= Work request =
All lines in the records below from the line with "Dr. Sea straffende" through the line with "Владимир Путин. Скрин видео" are to be given again exactly, both ends included; the pictures are to be left out.

= Supplied information =

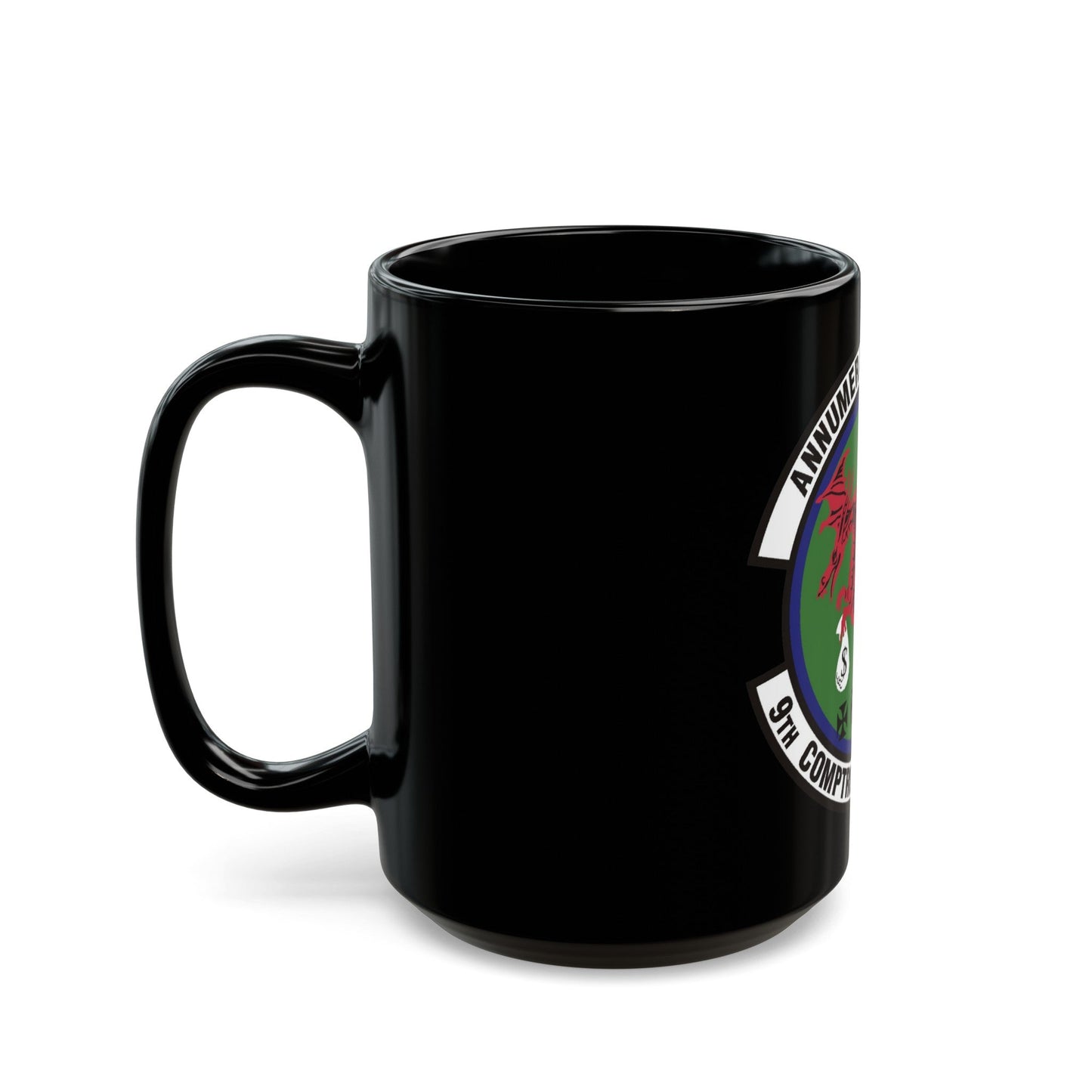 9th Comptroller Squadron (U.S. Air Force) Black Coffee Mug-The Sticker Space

==

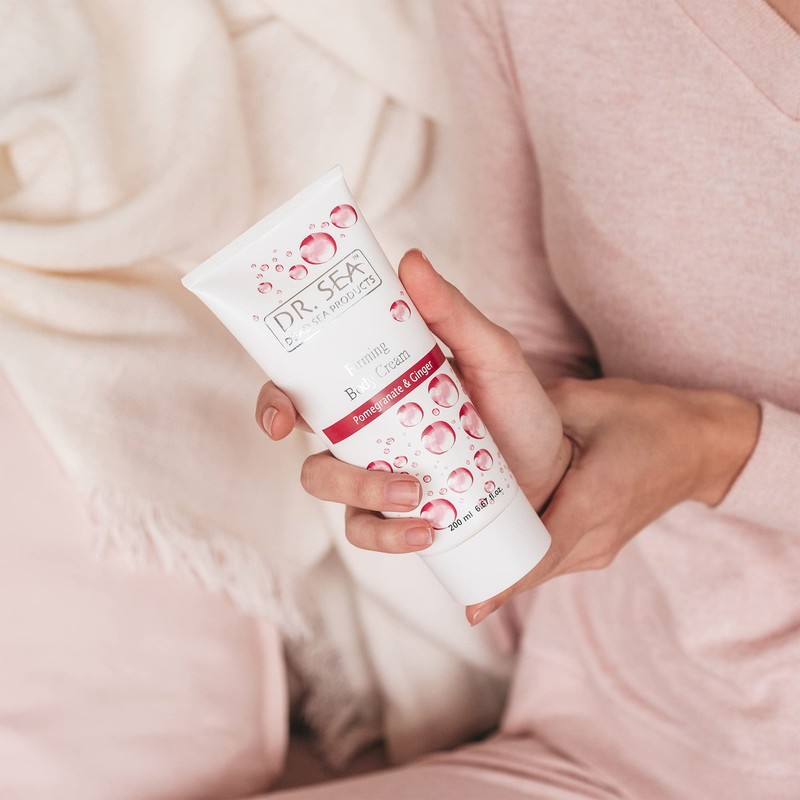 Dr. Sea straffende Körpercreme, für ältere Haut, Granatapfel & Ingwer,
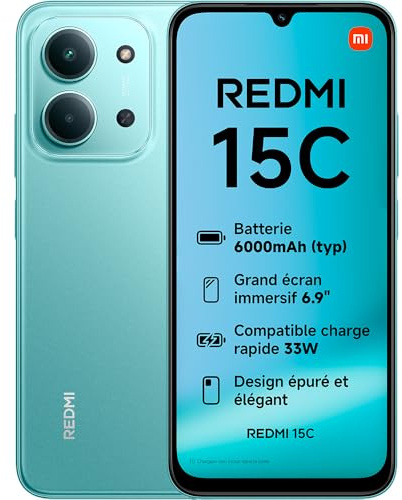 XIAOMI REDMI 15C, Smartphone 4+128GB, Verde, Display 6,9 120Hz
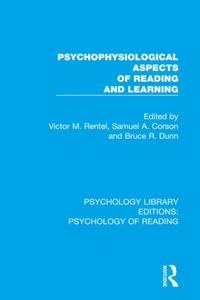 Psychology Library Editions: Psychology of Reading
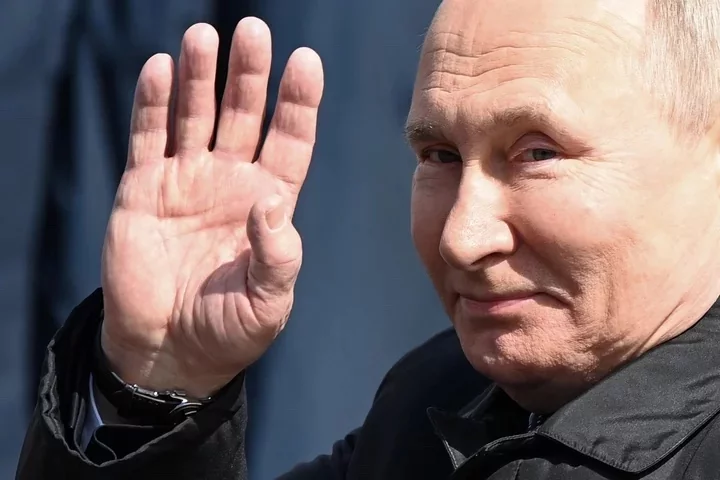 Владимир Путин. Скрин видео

= Reply =
 Dr. Sea straffende Körpercreme, für ältere Haut, Granatapfel & Ingwer,
 XIAOMI REDMI 15C, Smartphone 4+128GB, Verde, Display 6,9 120Hz
 Psychology Library Editions: Psychology of Reading
 Владимир Путин. Скрин видео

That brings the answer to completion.